When I was in therapy, there was always a more or less constant flow of emails between the Ts and myself, sometimes a lot other times more scarce but rarely a week without emailing. They also quite clearly had ambivalent feelings about it but never stopped responding completely until I did towards the end. I doubt that I would ever have the urge to email like that with a professional service provider again because it never enhanced anything, more the opposite. It did sink in finally and I just completely lost the desire to do it. But it took years... I had a history of similar behavior with others as well (e.g. colleagues, which was sometimes the worst as it affected my work) for years before the Ts and there was one case somewhat also after, with a lawyer I hired. Definitely a long-standing pattern that started with a pretty controversial professional connection-turned-romantic-partner in my mid 30's and then spread out like the plague.
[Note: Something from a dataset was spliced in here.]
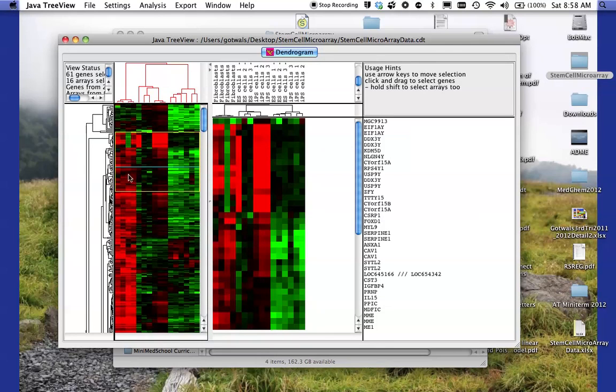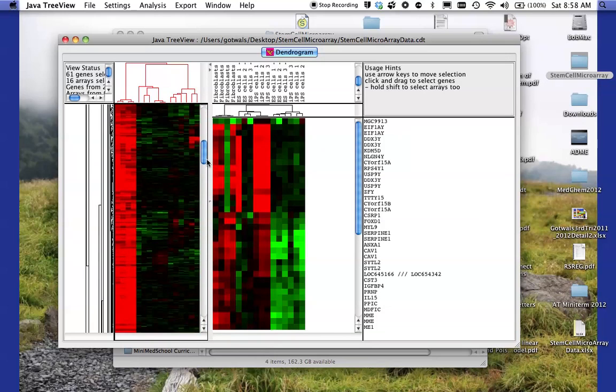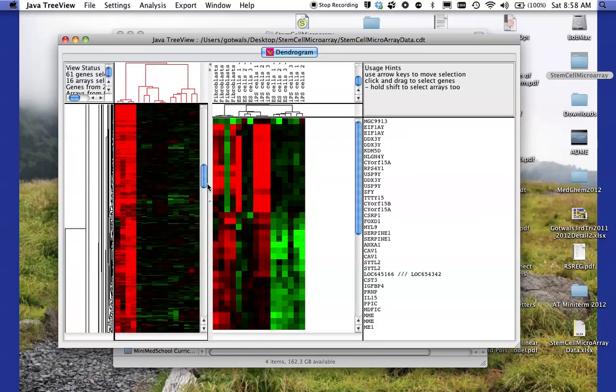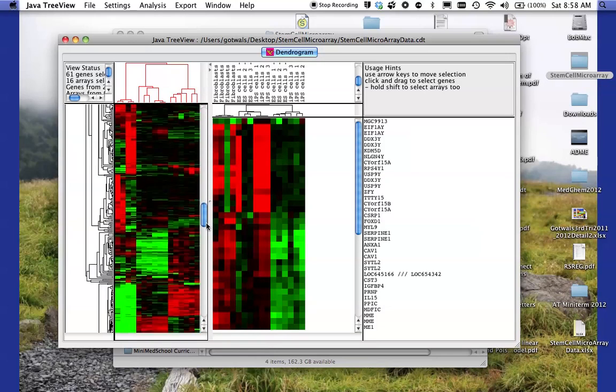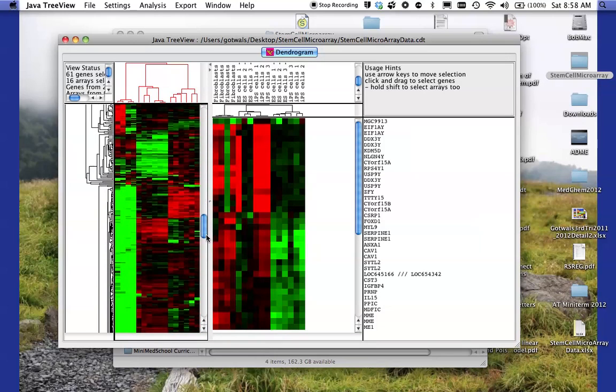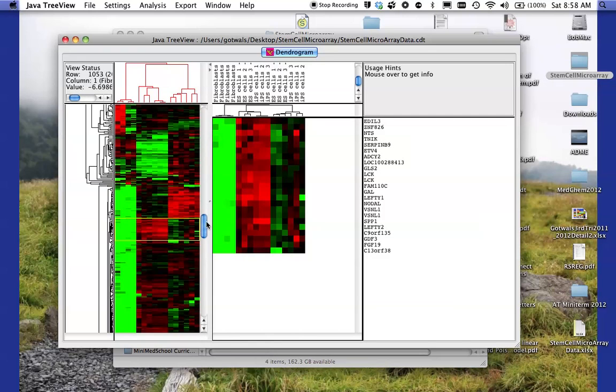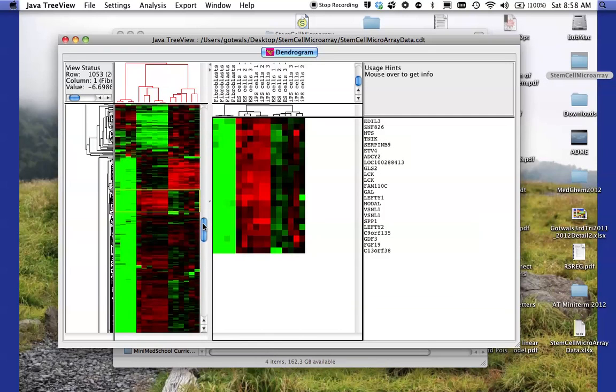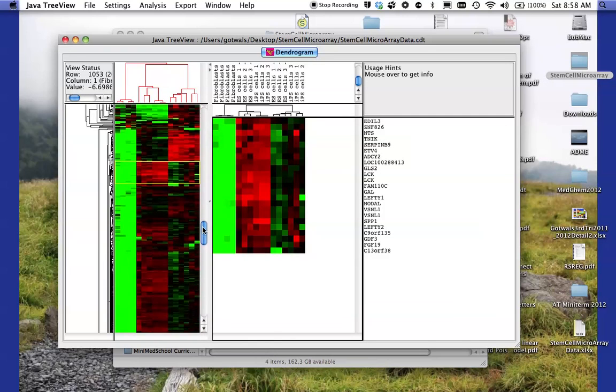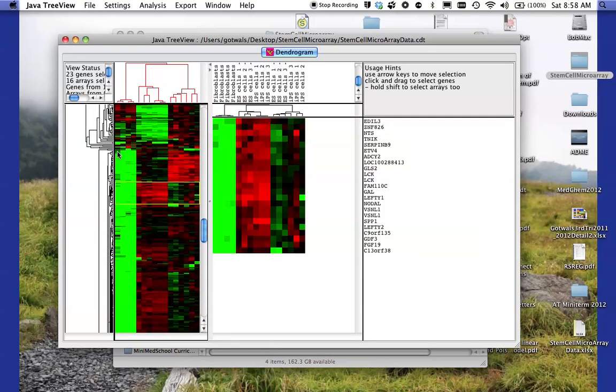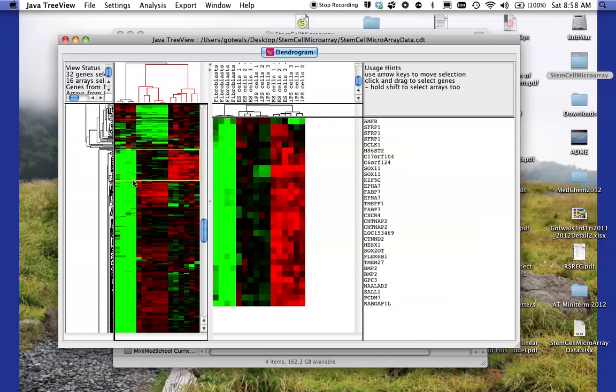So again, I can sort of zoom in. If I scroll down here, if I find an interesting area, I might come down here. Oh, there's a lot of red here in this particular area. So I can sort of zoom in on that area and see all the genes there. These are the ones that happen to be highly expressed in the embryonic stem cells. So I can zoom in on particular areas. Here's an area right here that it looks like they're highly expressed in the IPS genes and some in the ES genes. So I can see all those genes that are in that particular list.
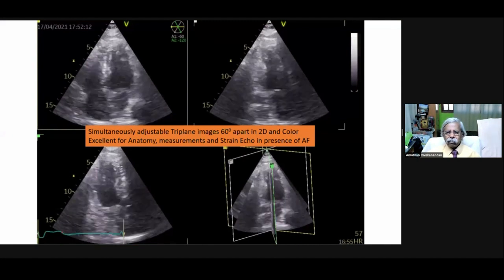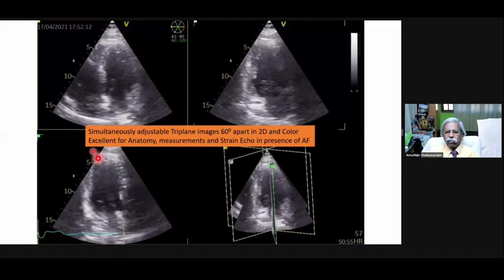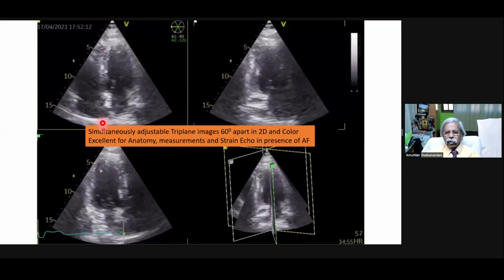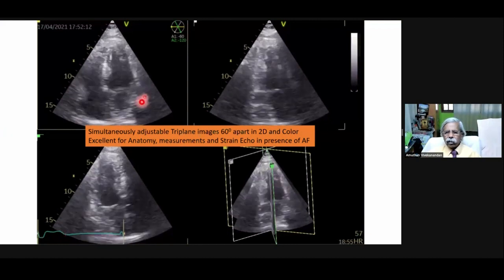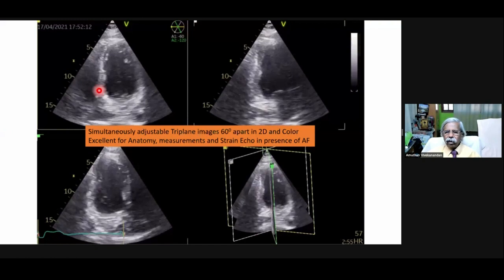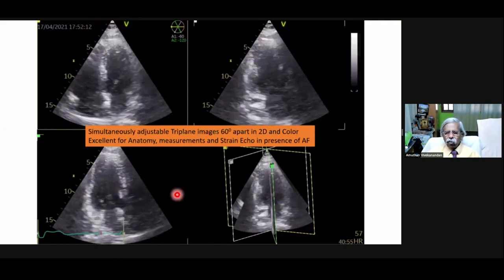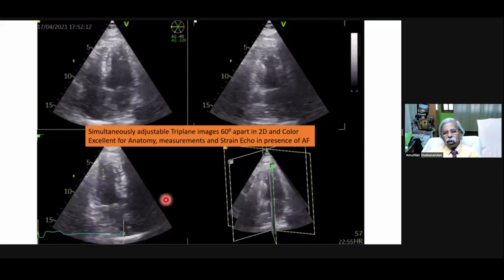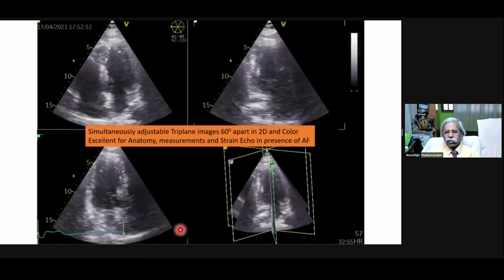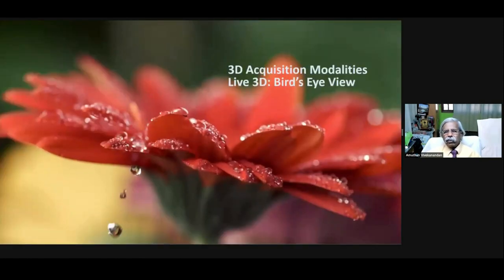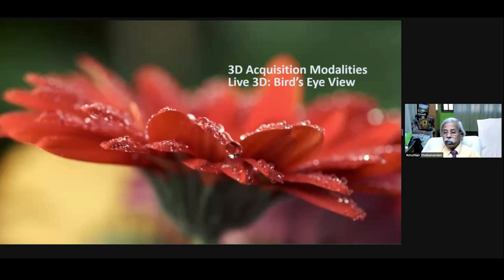Triplane view gives you long axis, apical four chamber, apical three chamber, 60 degrees apart, and you can see all regional walls in this view. Before switching on to full volume, check whether you are able to see all the walls. It is especially useful in patients who are having atrial fibrillation to select a particular beat.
It was very hard to stop indeed but now I've been free for a good while and the max I do to act on some remnants sometimes is posting on forums like this. But without much internal obsession, compulsion and ambivalence now - it was a torture for me as well, for years. For me it only manifested as virtual communication, I never felt obsessive and needy when I interacted with people in person. Interesting story but I really had enough, it was very draining at times and a huge distraction. Probably the most useful lesson I learned from it, which was always part of it during those years, is that I should not allow myself to be so socially deprived and isolated, also other lifestyle and environmental conditions that are not suitable for me. That's when I sought those poor substitutes, which just made everything worse for me. Also that putting all my energy into one person at any given time is the worst strategy for me. It was not hard to understand but very hard to stop and change the pattern. It definitely had some roots in my relationship with my father but with him, it never got extreme the way I did with others (who were all males). Interestingly, now I have quite minimal interest to develop anything super intense with a single individual (that was a life-long thing) and prefer groups and more balanced interactions that are productive in other ways. It's been a great relief but there was no sharp awakening or turning point if any kind, more a gradual, slow process. My second T's style helped a bit because he did not engage the way pretty much everyone had in the past. He never completely stop responding either but remained quite minimalistic, which was a good thing. We even continued scarcely for a while after I stopped seeing/paying him but eventually it seemed to have run its course and I never had the urge since. That was one thing I found helpful in therapy. The closest from the psych literature I can relate my process is a behavioral extinction (losing the desire in the absence of reinforcement). I know very well it does not work for many people but it had worked for me in other contexts as well, so not a huge surprise in relation to these virtual interactions. I actually figured out what was happening quite some time before I stopped therapy and told my last T about the extinction idea and that I found his non-engagement super helpful. Not pleasant in the moment but helpful for the sake of a bigger goal.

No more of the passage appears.